Listed Building – Grade II*
- Official name: Trelawne House
- Designated: 27 August 1952
- Reference no.: 1140729

= Trelawne =

Manor in Pelynt, Cornwall, England

Trelawne (Trevelowen, meaning elm-tree homestead) is an historic manor in the parish of Pelynt in Cornwall, England, situated 20 mi west of Plymouth, Devon and 4 mi west-northwest of Looe, Cornwall. It was long the seat of the Trelawny family, later Trelawny baronets, one of the most eminent of Cornish gentry families, much of whose political power derived from their control of the pocket borough of nearby East Looe. The surviving grade II* listed manor house known as Trelawne House is today used for holiday accommodation and entertainment, under the name "Trelawne Manor Holiday Park".

==Trelawne manor==
Trelawne manor dates back to Norman times when it was held by Rainald de Vautort. It later passed in turn to the Cardinans, the Chapernouns and the Bonvilles. In 1554 the estate was confiscated from Henry Grey, Duke of Suffolk, the father of Lady Jane Grey and sold in 1600 to Sir Jonathan Trelawny, whose family had originated at Trelawny in Altarnun. It then passed down in the Trelawny and Salusbury-Trelawny families for several generations, many of whom were MPs for the local pocket constituencies of East and West Looe, Sheriffs of Cornwall and Lord-lieutenants of the county. Since John Trelawny, son of the original purchaser, who was created a baronet in 1628, there has been an unbroken series of 14 Trelawny or Salusbury-Trelawny baronets.

==Trelawne House==
The Grade II* listed house, which includes elements dating from the late 13th century,
has been extended and remodelled several times since then. The entrance tower and hall, since remodelled, was built c.1450 for the Bonville family. The west range was added in c.1700 and there were at one time similar ranges to the east and south. After a fire c.1759 a new south east wing was added by Edward Trelawny.
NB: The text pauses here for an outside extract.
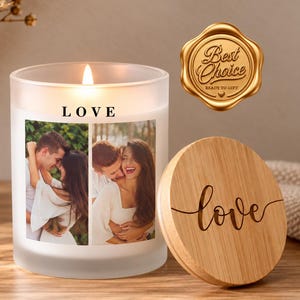 May include: A frosted glass candle with a lit wick, featuring the word LOVE and two printed photographs of a couple embracing. A round wooden lid with the word love in cursive script sits beside it, and a gold Best Choice seal is visible.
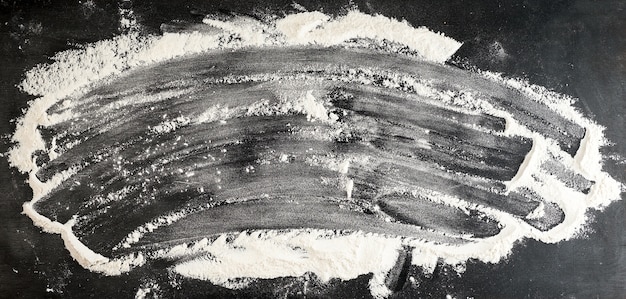 Witte tarwemeel verspreid over een zwarte tafel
In 1860–62 Sir John Trelawny commissioned the rebuilding of the chapel and the south front.

For five years from 1767 to 1772 the house stood empty because the owner, Sir William Trelawny, 6th Baronet, was Governor of Jamaica and there was much debate as to whether the window tax was therefore payable. It was eventually decided that it was.

In the 1960s the estate became a holiday caravan park.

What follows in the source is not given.